[e-med] (3) La circoncision, instrument contre la transmission du VIH ????

Cher Monsieur,
Je suis 100% d'accord avec vos remarques.
Effectivement, bien qu'il y ait eu des niveaux de preuves par des études en Afriques australes, quelles seraient les objectifs d'une telle propagante dans ces pays où, je confirme, preque 100 % de garçons sont circonscis avant l'adolescence?
Nous devrions peut-être trouver une autre action de prévention...Pour l'instant j'ai pas d'idées...
Cordialement,

Léopold.
tegnal@yahoo.fr

A propos de la circoncision

   De quelle circoncision parle-t-on ?

   De l'aseptique pratiquée dans de bonne conditions, de celles plus
   traditionnelles qui peuvent intégrer des "pactes de sang ?"

   J'ai travaillé en 2005 en Angola, dans la région des hauts plateaux du
   centre, sur un programme de prévention des IST dont l'infection à VIH.

   Dans certaines communautés, il est pratiqué une circoncision de
   groupe, par classe d'age. Elle est pratiquée sur des garçons du même
   age, ayant entre 11 à 13 ans.

   Dans le village, c'est le tradipraticien encore appelé "Pailhaçao" qui
   la pratique au cours d'une cérémonie.

   Les garçons d'une même classe d'age sont réunis, et circoncis à l'aide
   d'une lame unique, afin de réaliser un pacte de sang, en "transmettant
   du sang d'un garçon à l'autre". Cette transmission sanguine symbolise
   dans la communauté les frères de sang ; elle est un lien social
   important de cohésion et de fraternité, dans cette zone qui a tant
   souffert et qui souffre encore tant des séquelles laissées par le
   conflit armé, les mines, les déplacements de population et la
   pauvreté. Dans ce cas précis, on ne peut pas vraiment dire que la
   circoncision soit un instrument contre la transmission du VIH !!!

   Ma problématique a été de comment pouvoir réfléchir de cette
   situation.
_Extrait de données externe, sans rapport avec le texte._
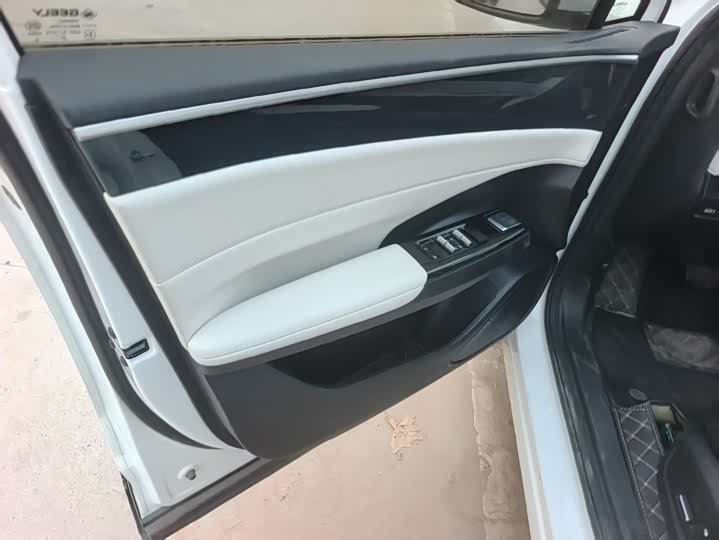 Фото 9 - Geely Galaxy L7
La femme européenne que je suis, qui est professionnel de
   santé, mais ni anthropologue, ni ethnologue, n'a pas la capacité
   d'intervenir seule de manière sensée. Je ne peux pas accepter de faire
   de la violation ou de la contre culture.

   Le "Pailhaçao" est un homme de la communauté qui agit toujours en
   tenue traditionnelle. Son visage recouvert par un masque et son
   identité ne sont pas connues. Seule des rumeurs courent, sur des noms.

   Il ne doit traditionnellement pas se dévoiler, il ne m'était donc pas
   possible de le rencontrer.

   J'ai proposé par collègues angolais interposés de lui parler à visage
   masqué, ou derrière une paroie, ou par des écrits transmis et lus par
   des partenaires locaux. J'ai bien insisté sur le fait que mon désir de
   communication ne portait pas sur la circoncision elle même, mais sur
   les conditions de sa réalisation. La symbolique de la classe d'age et
   du pacte de sang m'a été expliquée par les membres de la communauté et
   le personnel de santé local. J'ai émis la possibilité de transmission
   de maladies infectieuses par la lame commune, et ai demandé au
   "Pailhaçao" de réfléchir sur la possibilité d'inventer une symbolique
   de la transmission du sang entre garçon qui conserverait le pacte de
   sang et la création frères de sang, en utilisant du matériel tranchant
   unique, et jetable ou désinfectable.

   Quand nous sommes revenus dans ce village situé à des heures de route
   en voiture, le "Pailhaçao" m'a fait prévenir qu'il acceptait de me
   rencontrer, ce qui est un grand signe de confiance et de respect.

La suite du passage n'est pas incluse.